Gerontocracy Gives Us One Last Cringe Before 2025
VIDEO: 74 year old congressman could barely speak in painful TV appearance today
Rep. Gerry Connolly, the cancer-stricken 74 year old recently elevated to a congressional leadership position, gave an interview on CNN today sounding so unwell it’s painful to even watch. The brief segment reveals the logic of the gerontocrats and why they cling to power more clearly than anything I’ve ever seen.
Connolly, the congressman from Virginia, publicly disclosed that he had esophageal cancer just two days after winning reelection in November. Since then, he’s declined to provide any specifics about his prognosis (as I’ve reported before, this type of cancer is extremely aggressive).
He begins the interview with a voice so raspy and hoarse I was honestly shocked he hadn’t canceled the media hit. Watch the first part of the segment below with the volume turned up.
When the interviewer asks about Connolly’s victory over 35-year old congresswoman Alexandria Ocasio-Cortez to serve as ranking member on the powerful Oversight Committee, I was expecting some carefully crafted talking points, given the simmering resentment surrounding the issue. But to my astonishment, Connolly just comes out and says it, providing the most candid expression of why congresspeople in their 70s, 80s (and in some cases even 90s) exercise such a death grip on power: “I’ve never had my chance,” he says.

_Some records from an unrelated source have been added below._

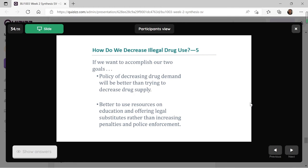So if we want to accomplish our goals, the policy of decreasing drug demand appears to be better than trying to decrease drug supply. In such cases, it's better for us to use resources — devote resources to education and offering legal subsidies — rather than increasing penalties or police enforcement. These policies on the demand side appear to be more effective.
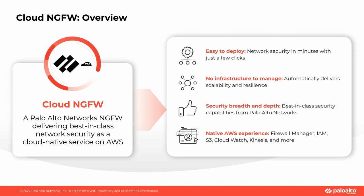Built in partnership with AWS, Cloud NGFW integrates with native AWS services such as AWS Firewall Manager and CloudWatch, providing a truly native AWS experience.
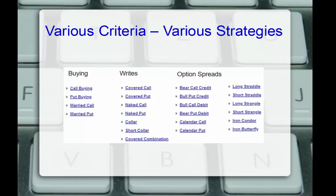And remember, you can take a 14-day free trial at any time. Just go to powerop.com, put in your name and email address. No credit card is required. You'll have full access to the site for 14 days.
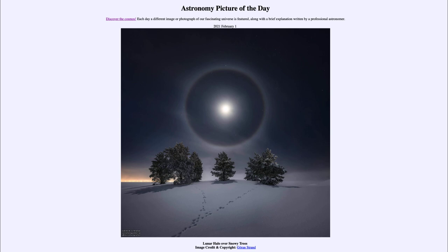We'll be back again tomorrow for the next picture preview, which will be 'meteor streak and drift,' so we'll see what that is about tomorrow. Until then, have a great day everyone, and I will see you in class.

Here’s Connolly’s remark in context:
“The decision about leadership ought to always be based on a proven record, skillset, competence, capability and your plan for moving forward. I’ve never had my chance to be ranking member or chairman of a full committee. This is it. And I’ve got the bona fides and the credentials over 16 years that my colleagues looked at, examined, validated and decided that’s what we need. We need the best general we can put on the battleground with four more years, prospectively, of Donald Trump. And that’s what the Democratic caucus overwhelmingly decided to do.”

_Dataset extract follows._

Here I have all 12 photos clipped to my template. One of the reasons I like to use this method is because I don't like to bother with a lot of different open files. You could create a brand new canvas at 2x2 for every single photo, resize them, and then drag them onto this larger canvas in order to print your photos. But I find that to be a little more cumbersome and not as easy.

Several themes stand out in this rare glimpse into the mind of a gerontocrat. First there’s the sense of entitlement. “I’ve never had my chance,” implying leadership is not a privilege but a possession. Then there’s the obsession with the necessity of “credentials” and “bona fides,” especially laughable after reality show star Donald Trump’s ascension to the presidency.
Lastly, there is the flat denial on Connolly’s part that there might have been a better candidate not just in Ocasio-Cortez, but anyone. I think he really in his heart of hearts believes this. Hearing his voice crack while referring to himself as “the best general we can put on the battlefield” seemed about the funniest conclusion to 2024’s gerontocracy storyline imaginable.

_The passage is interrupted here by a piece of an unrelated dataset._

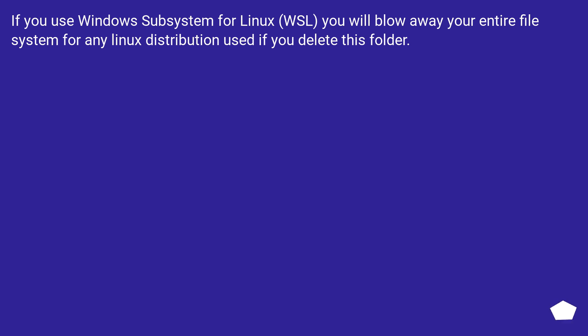If you use Windows Subsystem for Linux (WSL), you will blow away your entire file system for any Linux distribution used if you delete this folder.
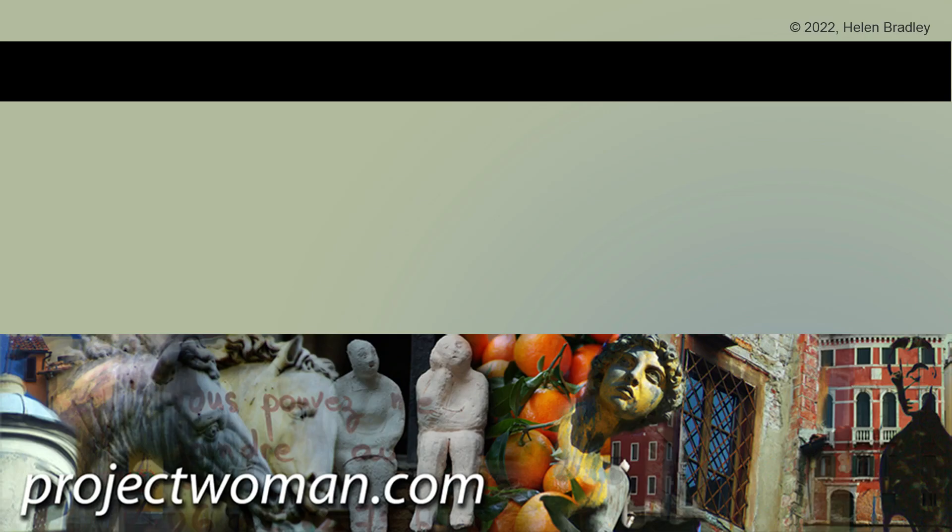So a heartfelt thanks to the subscriber who asked for this video. I hope you've enjoyed it. I hope you've learned things about Illustrator of which you were previously unaware. If you did enjoy the video, please give it a thumbs up, hit the subscribe button and that notification bell, and you'll be alerted when new videos are released.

Congress is not the Make A Wish Foundation for elderly politicians. Well, maybe it is. But it shouldn’t be.
Having our country run by a gerontocracy is getting real old
As an 85 year old healthy woman, I must say I agree completely with you! I am the exception to the rule, for sure, as is Bernie Sanders. However, I think people over 75 should decline to run for office, realizing that their good fortune has a big chance of lapsing in the 4, 6 or even two years they would be in office. It is just pure hubris!